Ricostruendo l’origine della parola, vengono alla mente molti spunti, che inizialmente, si possono ignorare. Siamo soliti pensare alla famiglia, come all’insieme delle persone, unite da legami di affetto e  che con-dividono uno spazio abitativo (un appartamento, la roulotte ecc..) e trascorrono insieme il tempo. Ma, con il medesimo termine, possiamo riferirci anche ad altre tipologie di famiglie, come ad esempio le graminacee, per le piante, a cui però, la nostra mente, in un primo momento fatica a riferirsi.

L’accezione a cui intendo riferirmi in questo articolo però, è quella più nota.
Parlare di famiglie, oggi, significa dover ristrutturare il concetto che, storicamente, è stato attribuito,anche culturalmente.
Un tempo, la famiglia era considerata come un’unica entità, a cui appartenevano diverse generazioni che, all’interno del nucleo, ricoprivano un ruolo importante.
La figura dei nonni, ad esempio, era fondamentale per la famiglia, in quanto si ritenevano le persone più anziane,”sagge”, detentrici di un sapere ed un’esperienza impagabile.

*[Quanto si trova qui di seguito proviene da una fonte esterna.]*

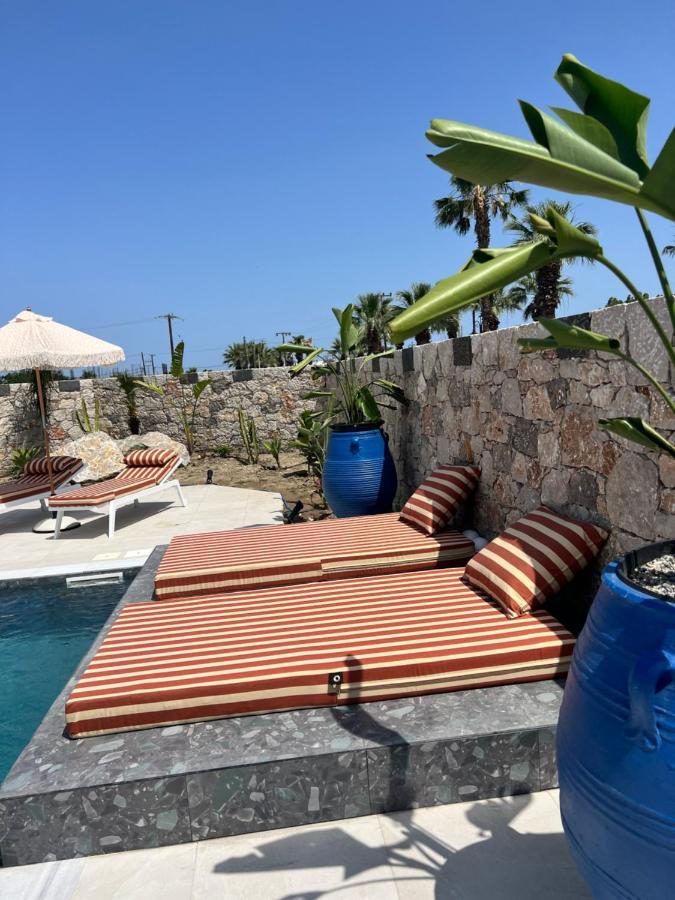 פליראקי Cora May Central Villa With Private Pool 200M To The Beach מראה חיצוני תמונה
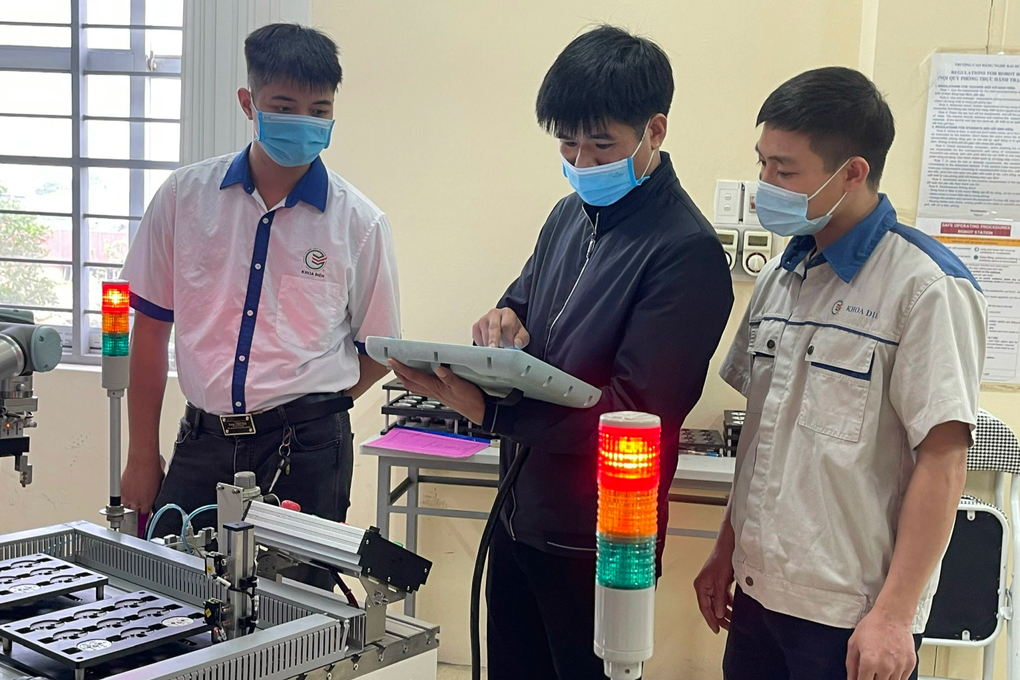 Trường nghề cần coi trọng làm thương hiệu để tăng giá trị cơ sở - 2 Trường nghề cần coi trọng làm thương hiệu để tăng giá trị cơ sở - 2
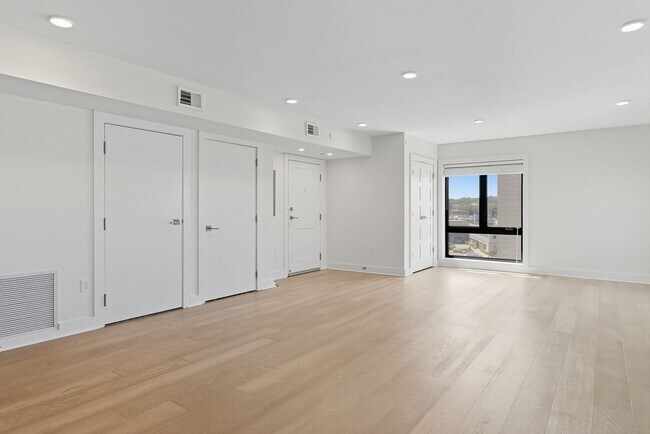 Foto del edificio - 85 Willow Ct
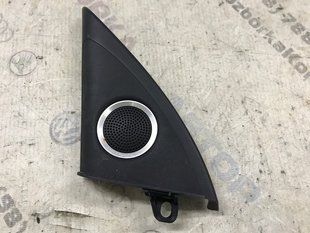 Угловая накладка зеркала двери внутренняя 8K0035423A Audi S4
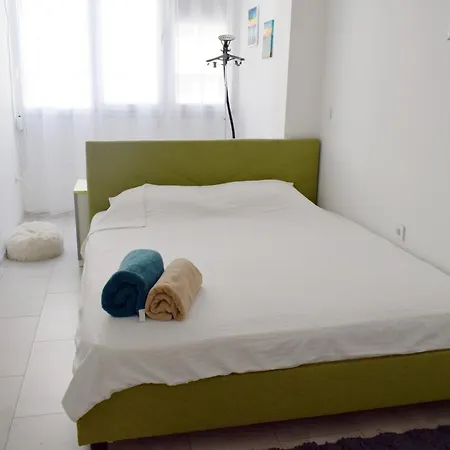 With 2 Bedrooms And Parking Near The * Burgas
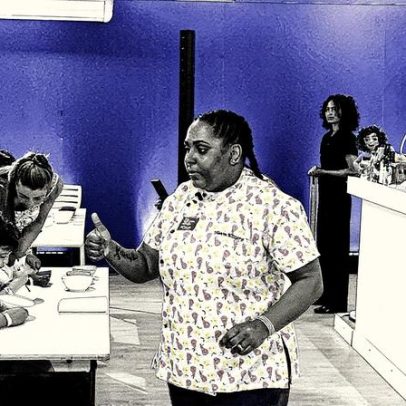 Rio Gastronomia promove aula inclusiva com chef Thais Kinity para famílias atípicas
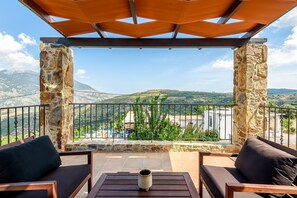 Apartment, Smoking | 7 bedrooms - Minos Country Living Apartments (Kantanos-Selino)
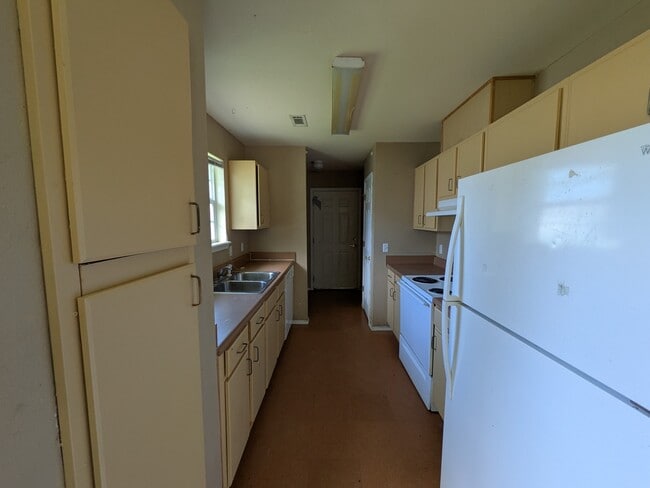 Photo - 1420 Azalea Dr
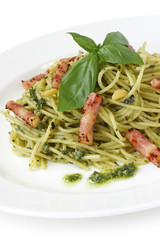 Pasta with pesto sauce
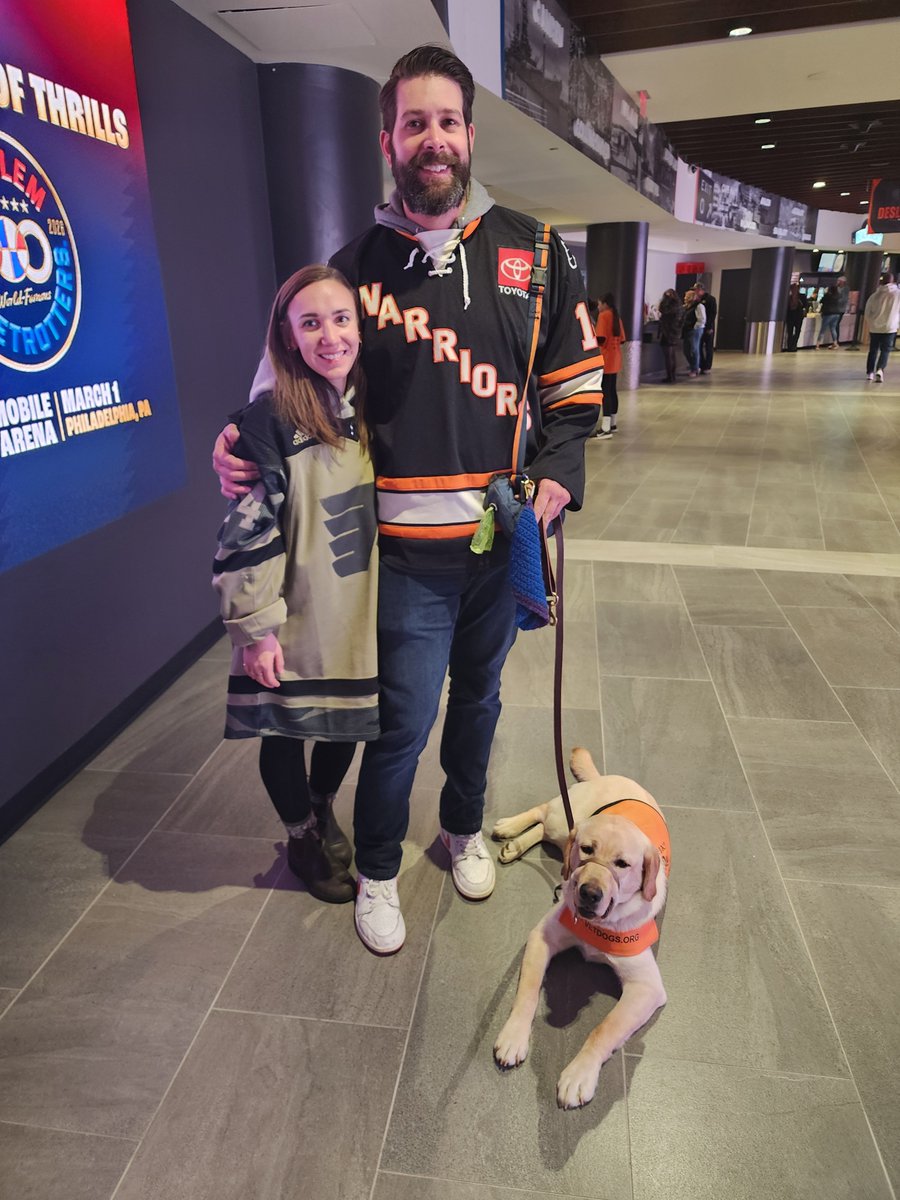 StanleyPupAlum's tweet photo. Hanging out with @FlyersWarriors  at the.@NHLFlyers  game against Winnipeg. https://t.co/NyN71wLgfE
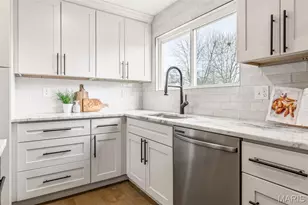 304 Shady Meadows Dr, Saint Louis, MO 63011 - Photo 18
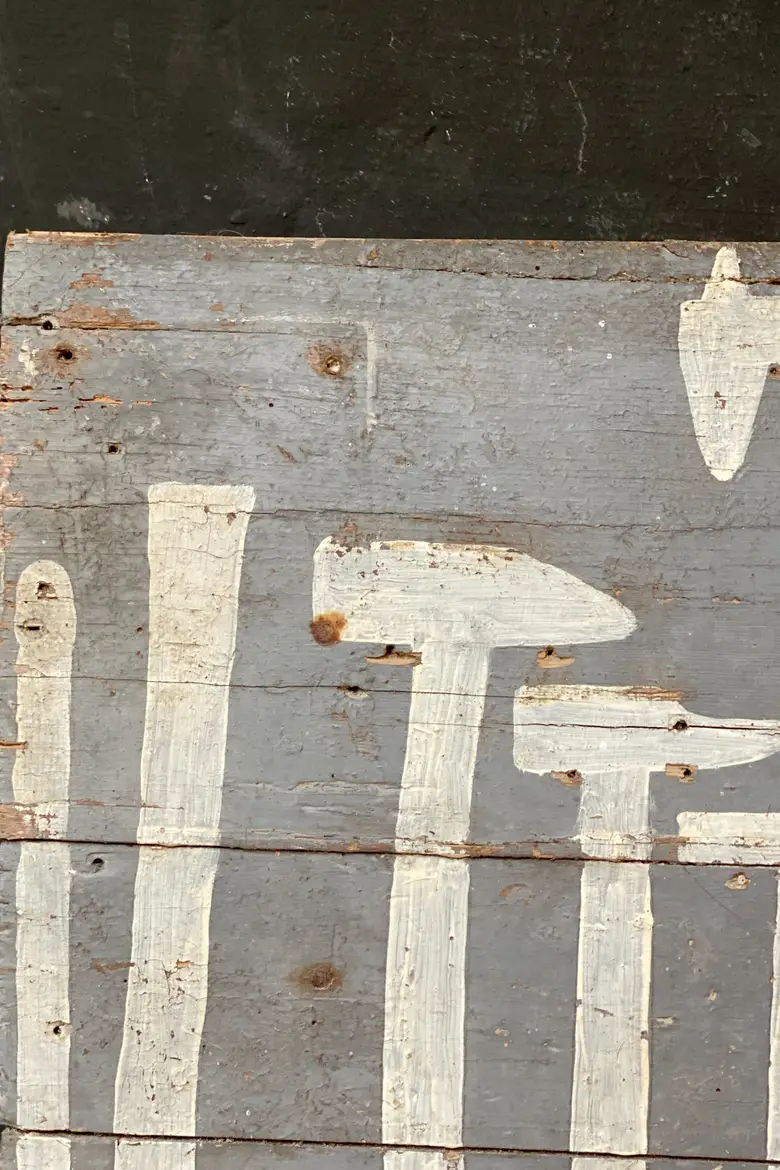 Ancien tableau d’outils en bois Début XXeme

Nella famiglia intesa storicamente, il marito era colui che, con il proprio lavoro, manteneva la moglie ed i figli. Le donne erano, perlopiù, casalinghe e si occupavano dell’educazione dei figli. Rispetto a ciò, un tempo, esistevano le balìe, che fornivano alla famiglia,l’aiuto di cui necessitavano. La balìa era colei che, in casi di necessità, aiutava durante il parto o allattava, se la mamma aveva poco latte.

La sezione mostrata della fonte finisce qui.